V. B. Kashkin – Dr.Sc. (Eng.), Professor, Siberian Federal University. E-mail: rtcvbk@rambler.ru
V. M. Vladimirov – Dr.Sc. (Eng.), Deputy Chairman of KSC Siberian Branch of RAS, Krasnoyarsk Scientific Center. E-mail: vlad@ksc.krasn.ru
A. O. Klykov – Postgraduate Student, Siberian Federal University. E-mail: shutnik@mail.ru


Signal delay in the troposphere is a source of error when measuring the real distance to the navigational satellite. Techniques for estimation the tropospheric delay by Saastamoinen and Hopfield are well known; they use operational terrestrial meteorological data at the location of the GNSS receiver and do not use the evidence on the vertical profiles of the atmosphere (VPT).
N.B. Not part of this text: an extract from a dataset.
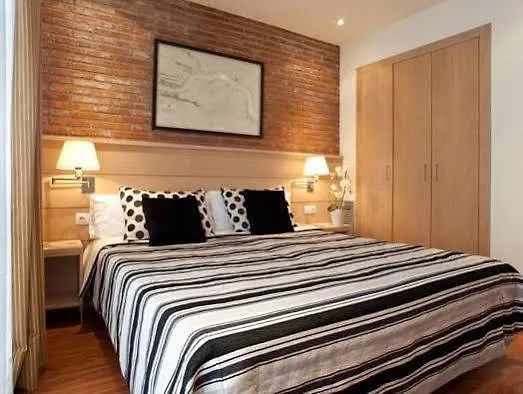 شقة Serennia Cest Apartamentos Arc De Triomf برشلونة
It was found that the zenith tropospheric delay (ZTD), using these techniques, does not differ considerably from ZTD calculated for the standard model of the atmosphere in which the relative humidity is the same throughout the troposphere. The real profiles of temperature, pressure and humidity differ from models. It is necessary to know the meteorological parameters at the location of the GNSS receiver and information on VPT. The information can be obtained using satellites, for instance Meteor-M № 1 with MTVZA module or NOAA with ATOVS module. The zenith tropospheric delay (ZTD) was estimated using ATOVS VPT data at some latitudes at the North hemisphere. The result was compared with the result of Saasamoinen and Hopfield procedures. Delay determined with satellite VPT exceeds ZTD found by these techniques. This can be explained by the fact that satellite data ATOVS takes into account the actual distribution of temperature and water vapor, and not only on the surface, but also at the different isobaric levels. Another important advantage of satellite technology is the possibility to draw maps of the distribution of the tropospheric delay.